I tested my tank, it read 0ppm..
I added 1/4tsp (~5ppm) of KNO3 (disolved in a small bowl and then added to the tank)
Tested again a day later.. still 0ppm
Added more KNO3..
Tested again.. still zero
Did a water change and added 1/2tsp of KNO3 (~11ppm)
Tested tank 2 hours later.. still zero?!?

I am using KNO3 that I bought at a hydroponics store. It has a guaranteed analysis of 12% Nitrogen (N) and 44% Soluable Potash (K20). What is the other 44%? Now could this KNO3 be my problem? I am really at a loss here so any help is grealy appreciated!

_____________________________
30g, 2wpg (NO Fluorescent), 90% Flourite, DIY CO2, HOB


----------



## Vinlo (Jul 27, 2004)

In recent weeks I have been trying to get a dosing schedule down. I have encounter several problems in the way of Nitrate test kits. I finally have one that works, a Seachem one.. tested with the 10ppm stock solution and everything appears fine. Here is my problem on my 30g tank..

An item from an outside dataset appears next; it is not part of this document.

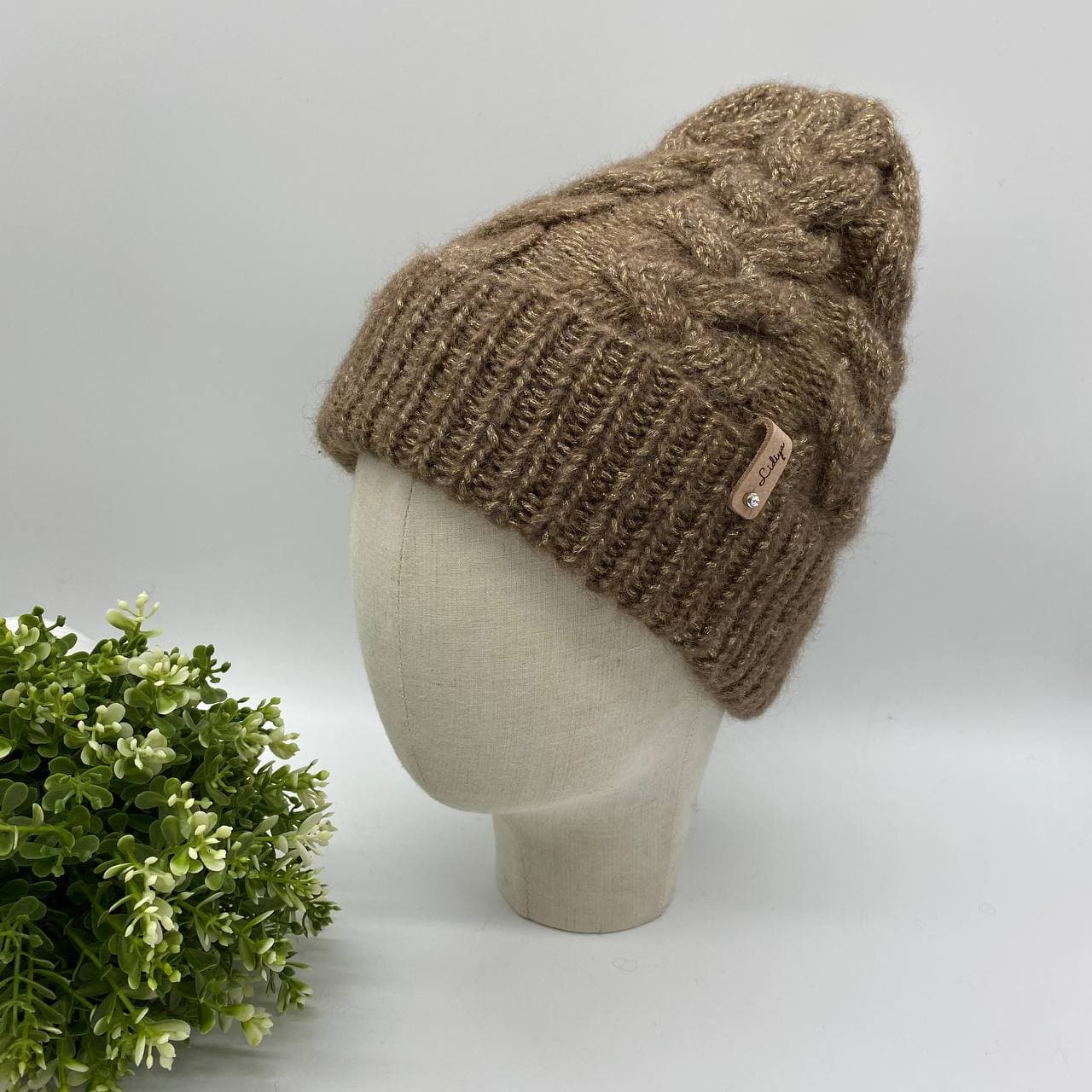 Шапка с косами и люрексом из беби альпаки (золотая)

I tested my tank, it read 0ppm..
I added 1/4tsp (~5ppm) of KNO3 (disolved in a small bowl and then added to the tank)
Tested again a day later.. still 0ppm
Added more KNO3..
Tested again.. still zero
Did a water change and added 1/2tsp of KNO3 (~11ppm)
Tested tank 2 hours later.. still zero?!?

I am using KNO3 that I bought at a hydroponics store. It has a guaranteed analysis of 12% Nitrogen (N) and 44% Soluable Potash (K20). What is the other 44%? Now could this KNO3 be my problem? I am really at a loss here so any help is grealy appreciated!

_____________________________
30g, 2wpg (NO Fluorescent), 90% Flourite, DIY CO2, HOB


----------



## Roger Miller (Jun 19, 2004)

Pure KNO3 would be 14% N, 47% K2O and 40% O2. Your KNO3 is not very pure. Most of the remaining 44% is oxygen and some no doubt is water. Technical and agricultural grade chemicals always contain impurities.

I can't say exactly what the impurities (other than water) might be. One possible explanation is that the stuff is about 87% KNO3, about 4% K from some other source and about 9% other compounds -- including water -- that contain neither K nor N.

If careful reading of the label doesn't tell you what the impurities are then you might be able to find a more detailed analysis from the MSDS (Materials Safety Data Sheet) for the product.

I can't help much with reasons why the kit doesn't seem to be working. I suppose it's possible that whatever is in the product you bought is not KNO3. That would be odd.

Roger Miller

------------
_"The indispensible first step to getting the things you want out of life is this: Decide what you want" -- Ben Stein_


----------



## Vinlo (Jul 27, 2004)

Thanks Roger, I am going to call the place that I got it from today and try to get an MSDS sheet or see if they can provide any answers. If they cannot I just may order some from gregwatson.com unless Robert sells it?

I am guessing it is the KNO3 since the test kit registers the proper value compared to the 10ppm stock solution.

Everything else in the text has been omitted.